Trotski condenó a Martov al basurero de la historia. La expresión es ampliamente utilizada por gente de todo tipo. “Ya estás en el basurero de la historia”, dice un payaso a otro todos los días. Su repetición es preocupante. Concebir la historia como basura significa obturar, con senda imbecilidad, la forma en que el pasado nos atraviesa, nos habita y habla a través de nosotros, aunque no lo sepamos o no lo deseemos. La verdad histórica del “nuevo” PRI se cimienta en un basurero en llamas. La versión oficial es una fábrica de desecho: la voz de los familiares, así como el paradero de los estudiantes, son borrados por completo. Y cuando nos resistimos a ese borrado, se nos anula a golpes. Cocula es el basurero de la desmemoria donde el Estado pretendió abandonar el caso y, con él, la historia de uno de nuestros fallos más graves. No conocemos aún los detalles específicos de lo que ocurrió esa noche, pormenores vitales para los que amaban a esos 43 niños y para todos nosotros.

 

La manifestación colectiva, la toma de las calles y la organización civil son elocuentes: la aceptación de la verdad histórica es inadmisible, el olvido es el enemigo.

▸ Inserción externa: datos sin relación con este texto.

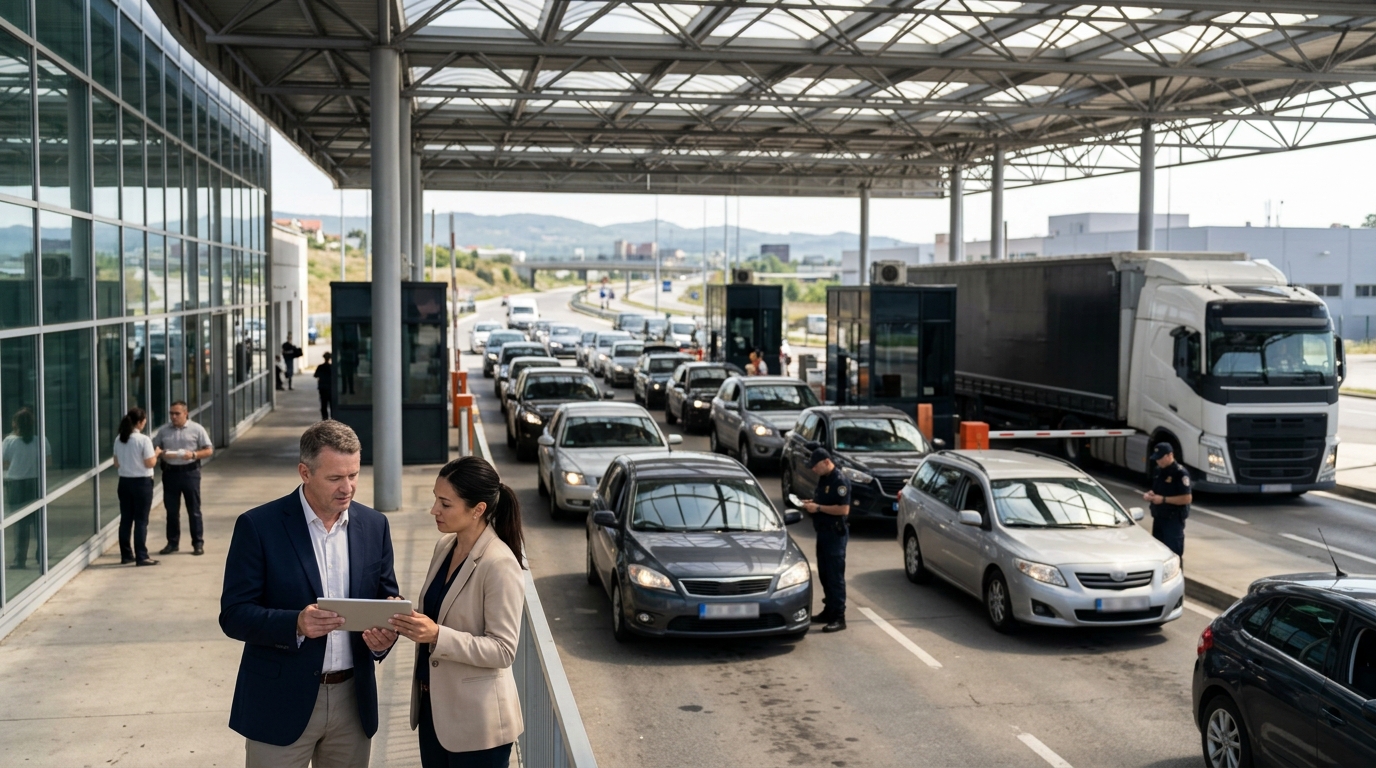 Port of entry director and a marketing consultant review a tablet near busy border inspection lanes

La historia no es un basurero, sino un trozo de la carne que nos sostiene. Recordar es resistir, es negar el relato del Estado y sus efectos amnésicos. El motor de la lucha, me parece, está en el amor.

Ilustración por Alec Dempster

Recuérdame, recuérdame, no olvides mi destino, no dejes que me arrojen al basurero de la historia. En el ejercicio de la resistencia, el amor más hondo debe ponerse en acto, o mejor, debe asumirse como un operador político. Es que, al final, cuando vivimos bajo el yugo de un régimen de la muerte, cada adiós puede ser el último.

 

La resistencia dependerá siempre de una decisión vital: debemos elegir el fantasma que tomará nuestra posesión. En nosotros queda la opción del espectro hegemónico, de la sangre sobre el asfalto y el silenciamiento de nuestras lágrimas, o bien, la posibilidad de la memoria subversiva: la reconstrucción de las voces, la risa; la reelaboración de la mirada, de los labios que besamos alguna vez y que no hemos terminado de perder.